(Saved data entries)
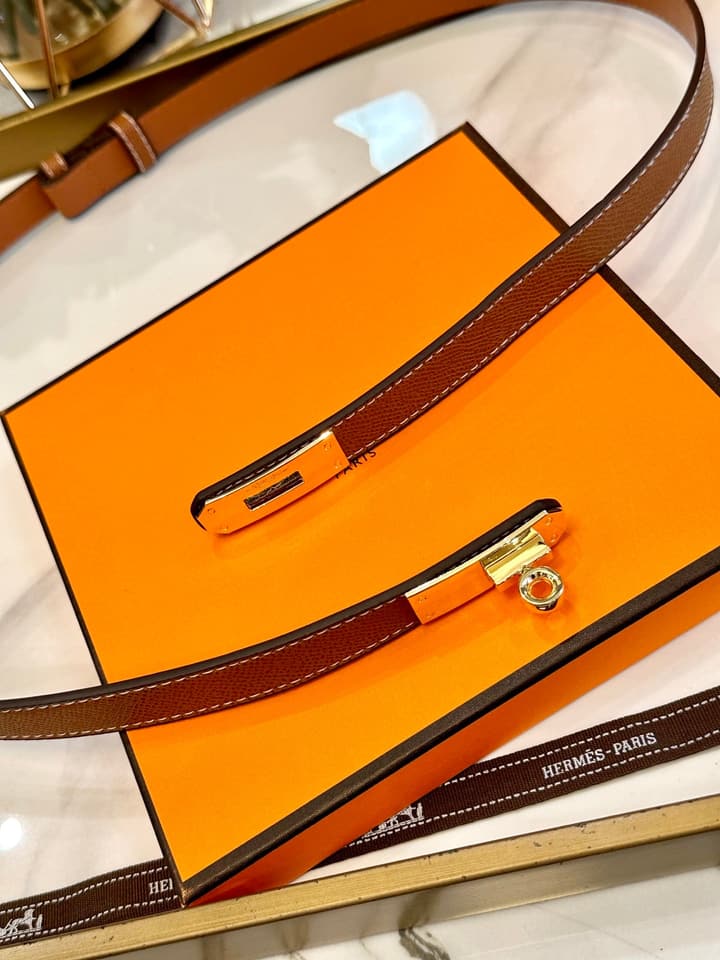Hermès Slim Leather Belt – 2.0cm in Black With Silver Buckle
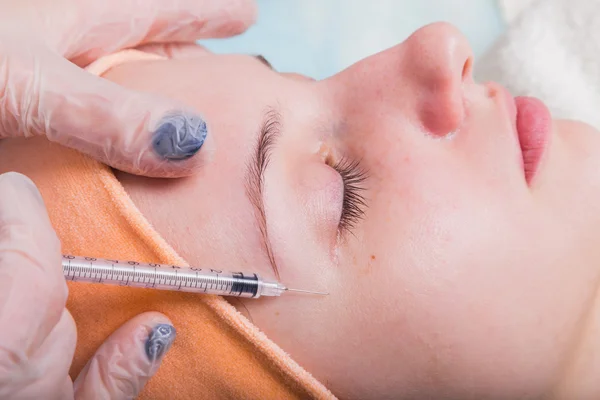 Woman having cosmetic facial treatments — Stock Photo, Image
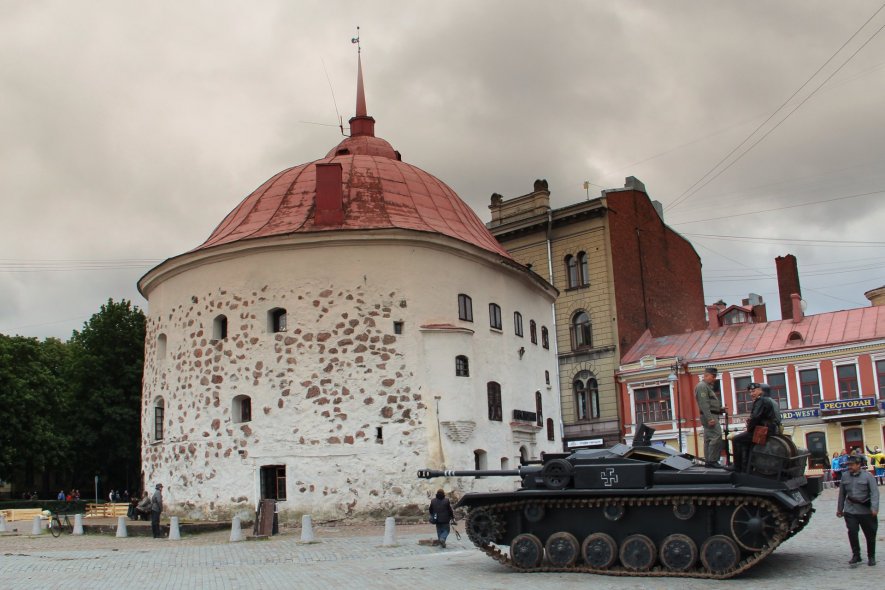 Круглая башня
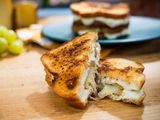 Mozzarella Fries Sandwich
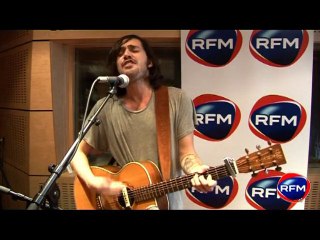 Robert Francis en live sur RFM avec "Keep on running"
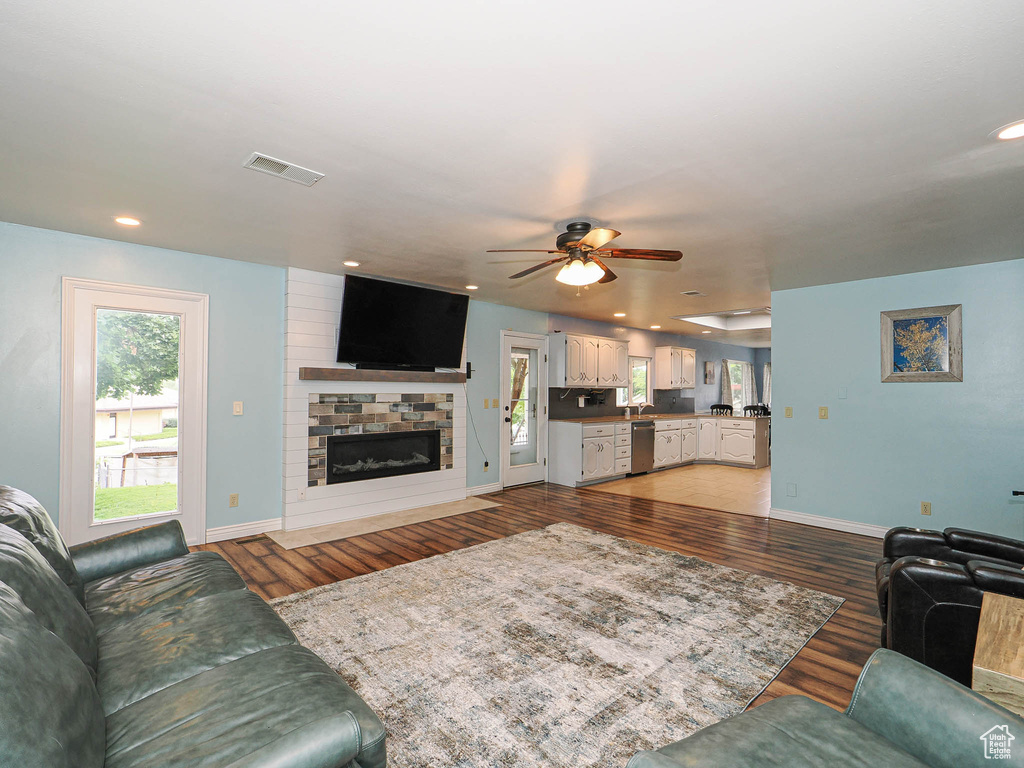 Photo 22 for MLS #2110798 at 415 N Columbus Ln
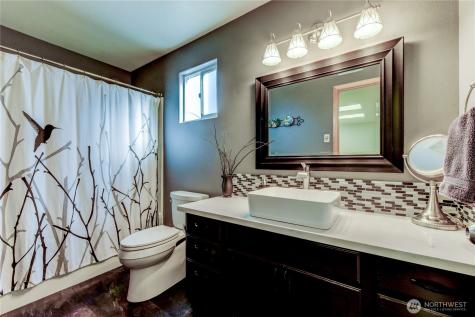 1523 151st Street SW Lynnwood WA 98087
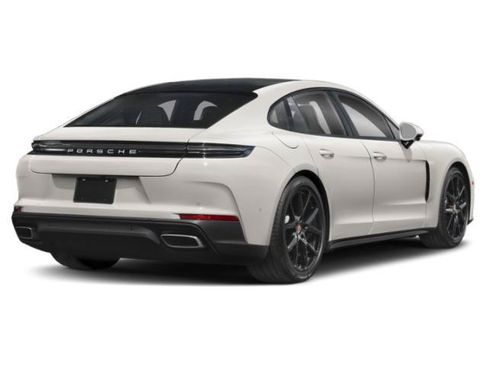 Used 2025 Porsche Panamera image 2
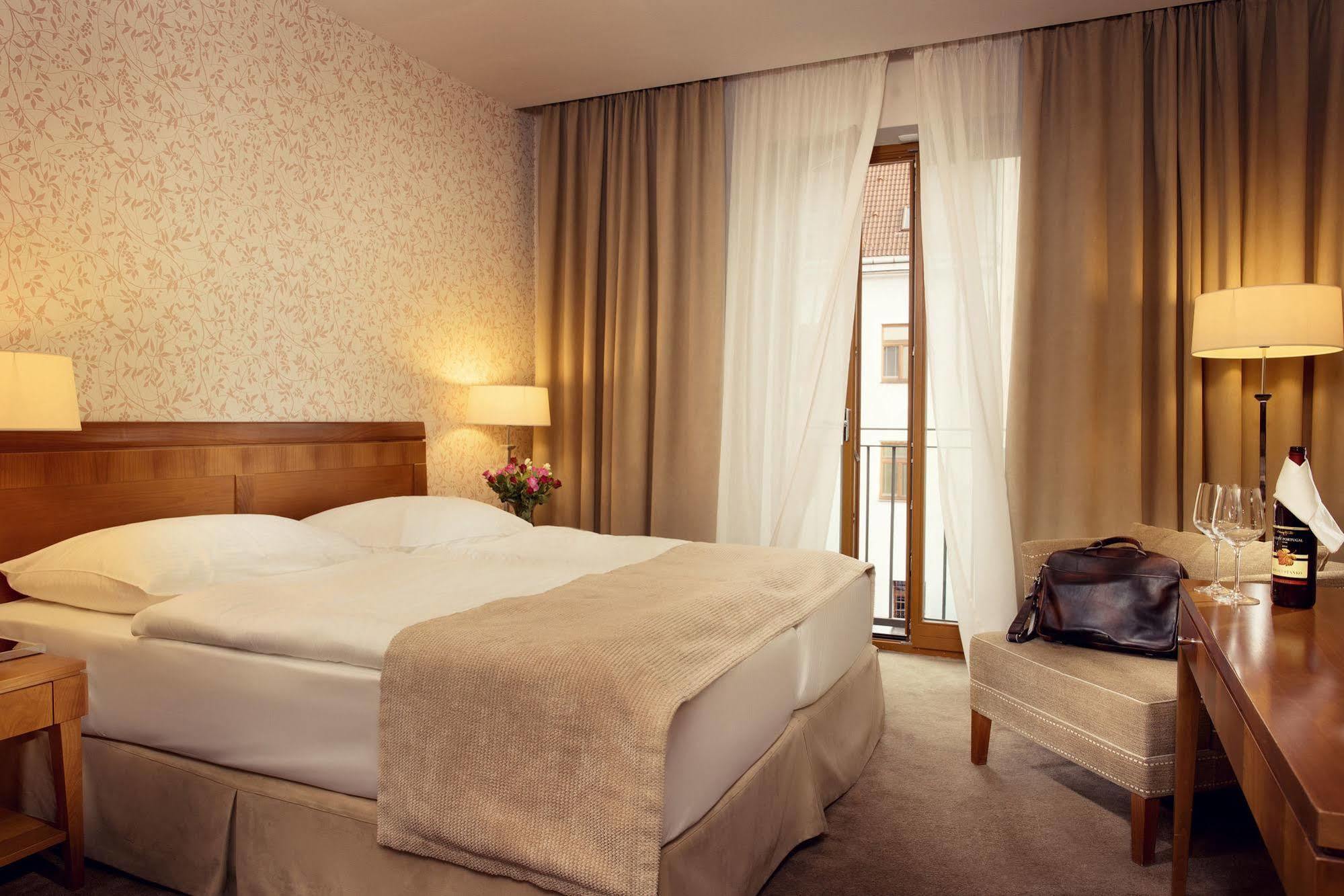 Hotel Ambassador Kosice Ngoại thất bức ảnh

> [About this task] Your copy should hold exactly the lines from the one that contains "Used 2025 Porsche Panamera image 2" through the final line of the data, both ends included, and no pictures.

> [Problem solution]
 Used 2025 Porsche Panamera image 2
 Hotel Ambassador Kosice Ngoại thất bức ảnh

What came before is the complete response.